Nigeria: Food Assistance Fact Sheet - September 4, 2018
|Post date||Monday, 10 September, 2018 - 17:36|
|Document Type||Periodic Monitoring Report|
|Content Themes||Response Maps, Emergency Response, Resource Mobilization, Food Assistance, Food Security|
Prolonged conflict perpetuated by Boko Haram and the Islamic State of Iraq and Syria-West Africa has spurred massive displacement and undermined food security in northeast Nigeria.
As of mid-2018, the insurgency had displaced approximately 1.7 million people within Adamawa, Borno and Yobe states and forced nearly 226,000 Nigerians to flee into neighboring Cameroon, Chad and Niger, according to the UN.

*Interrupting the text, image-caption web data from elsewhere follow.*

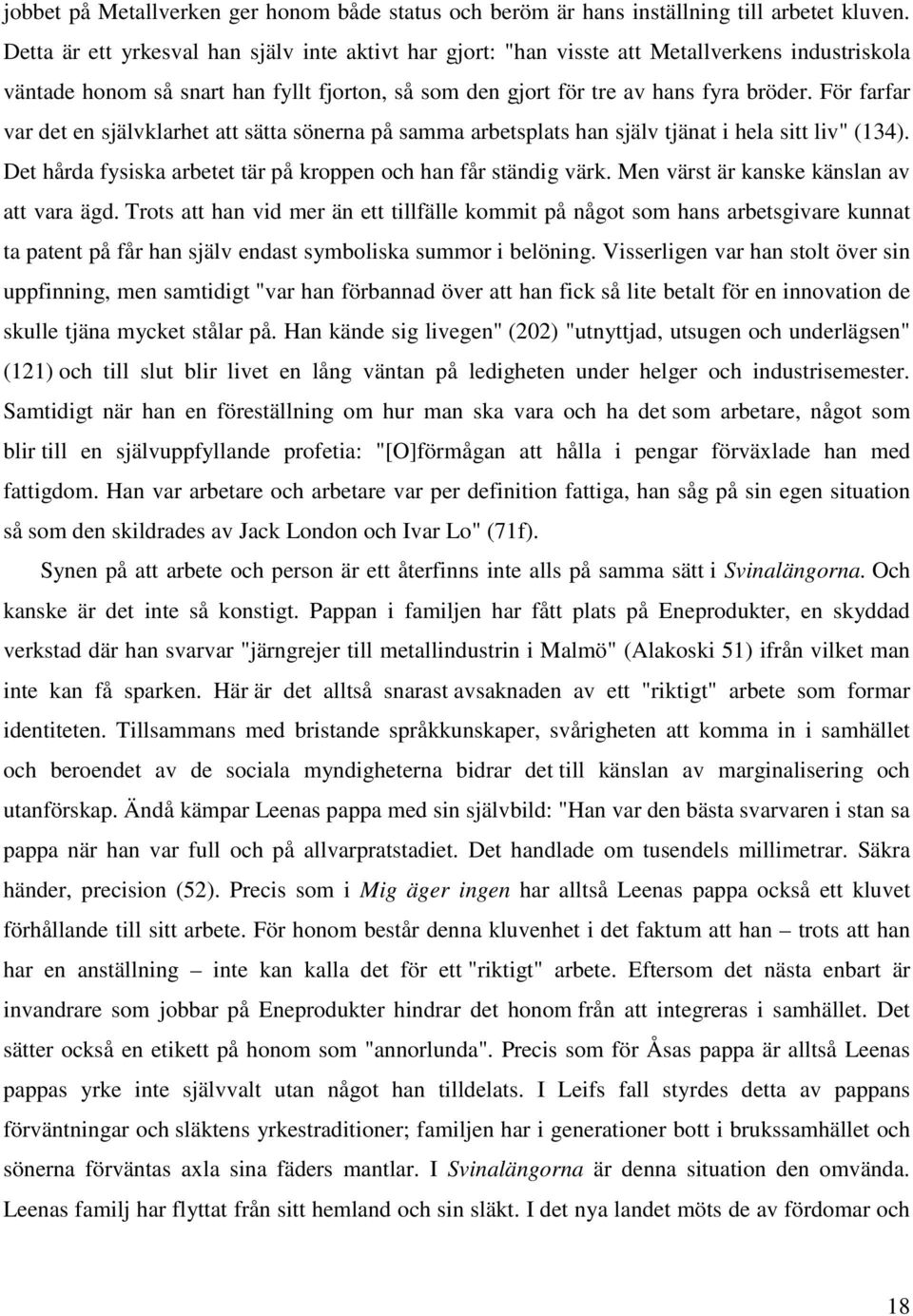 För farfar var det en självklarhet att sätta sönerna på samma arbetsplats han själv tjänat i hela sitt liv" (134). Det hårda fysiska arbetet tär på kroppen och han får ständig värk.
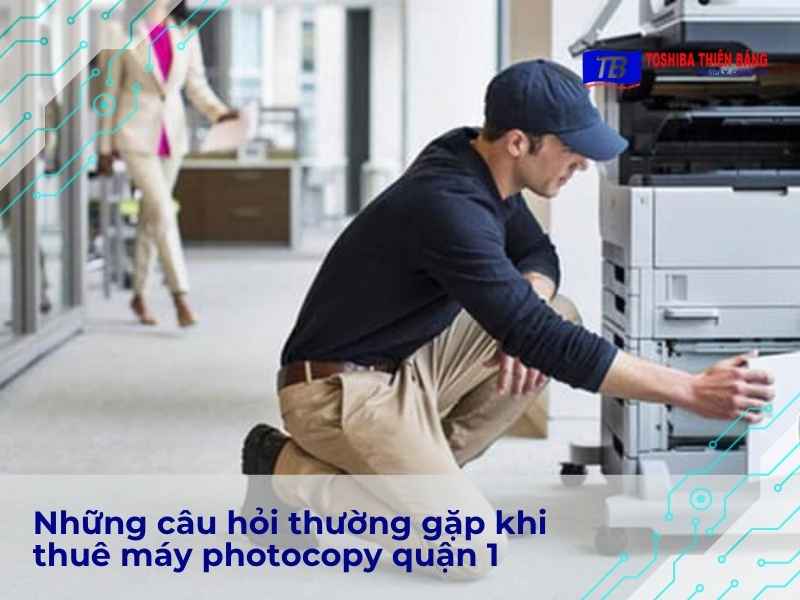 Những câu hỏi thường gặp khi thuê máy photocopy quận 1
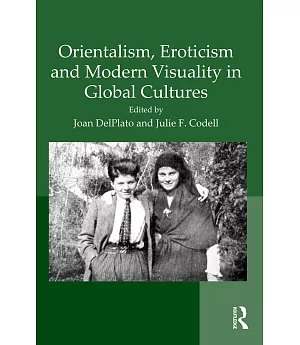 Orientalism, Eroticism and Modern Visuality in Global Cultures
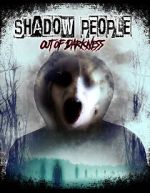 Watch Shadow People: Out of Darkness Myflixer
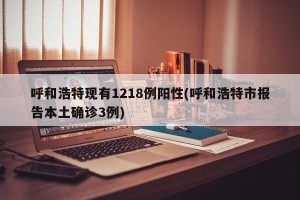 呼和浩特现有1218例阳性(呼和浩特市报告本土确诊3例)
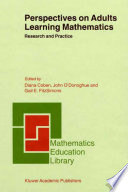 Perspectives on Adults Learning Mathematics PDF Book By D. Coben,J. O'Donoghue,Gail E. FitzSimons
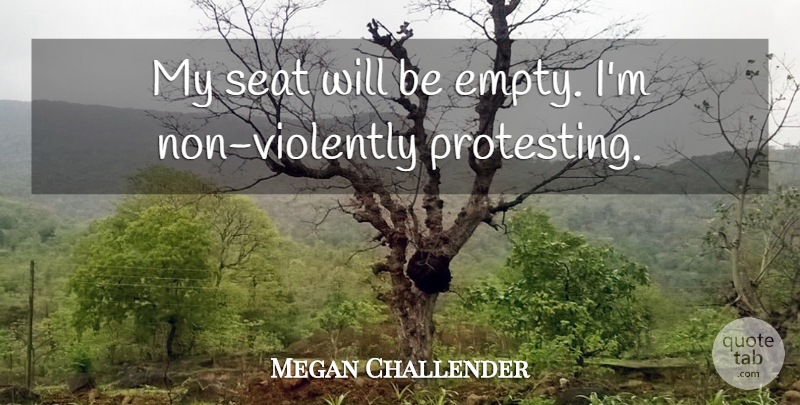 Megan Challender Quote About Seat: My Seat Will Be Empty...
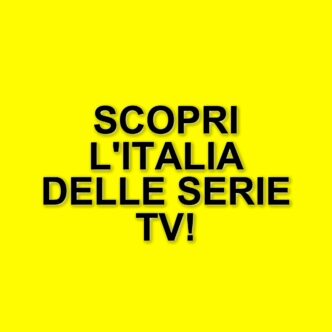 Scopri l'Italia delle serie tv: il nuovo libro di Giorgia Di Stefano tra location e curiosità
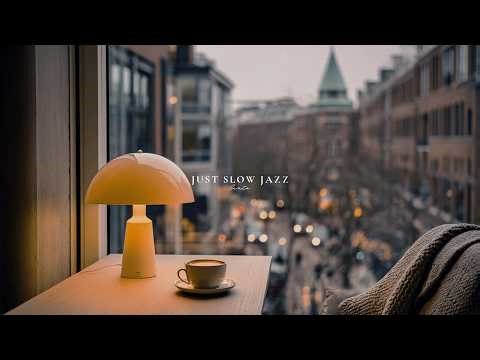 Watching the Dusk from a Cafe Window: A Special Seat in the City | Evening Jazz Playlist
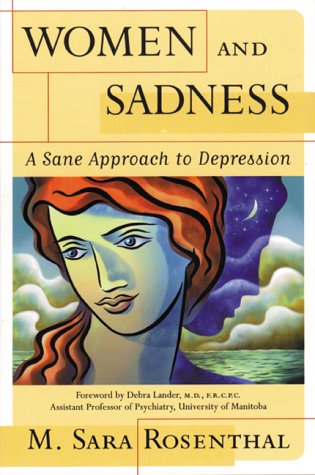 Women and sadness : a sane approach to depression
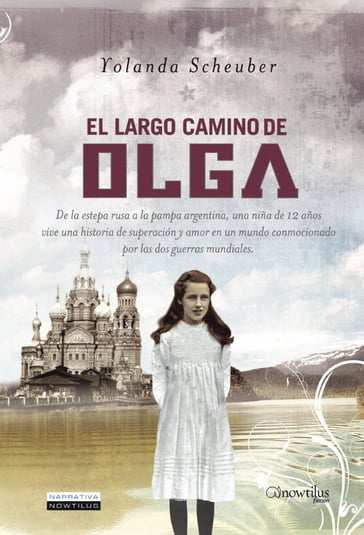 El largo camino de Olga - YOLANDA SCHEUBER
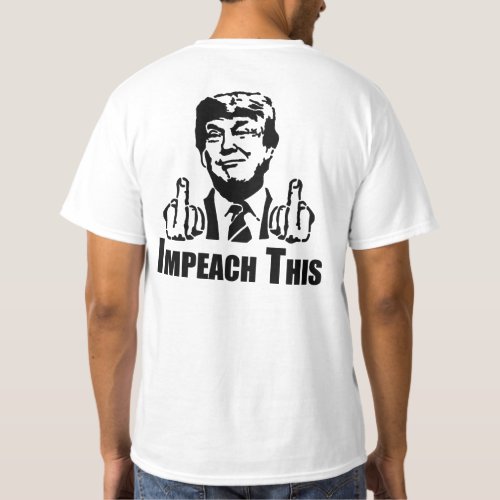 Impeach Thie T_Shirt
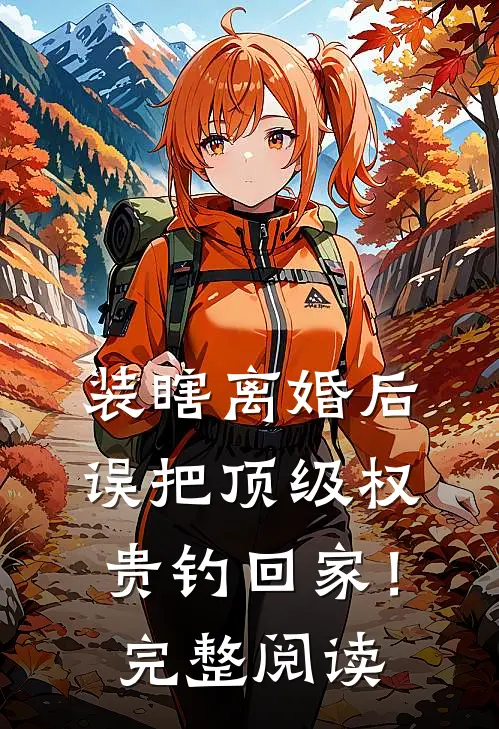 装瞎离婚后，误把顶级权贵钓回家！完整阅读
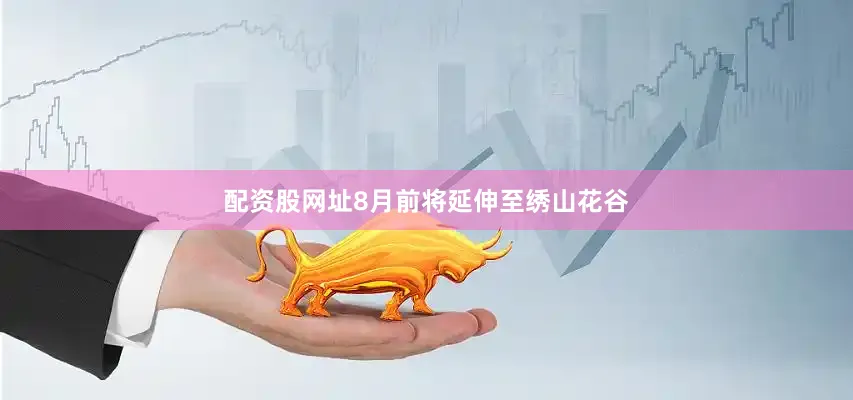 配资股网址8月前将延伸至绣山花谷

An estimated 3 million people in Adamawa, Borno and Yobe states faced Crisis (Phase 3) or worse levels of acute food insecurity as of August, according to the most recent Cadre Harmonisé (CH) analysis—a tool used in West Africa for the classification and quantification of food insecurity.
The conflict and resulting population displacement have interrupted livelihoods, disrupted markets and hindered agricultural production in northeast Nigeria, and many vulnerable households in the region remain heavily reliant on emergency food assistance to meet their basic needs, the Famine Early Warning Systems Network (FEWS NET) reports. FEWS NET anticipates that Crisis (IPC 3) or Emergency (IPC 4) levels of acute food insecurity will persist through January 2019 in most of Borno, as well as parts of Yobe and northern Adamawa. Furthermore, populations in areas that relief actors are unable to reach are likely facing similar or worse outcomes compared to those in accessible areas.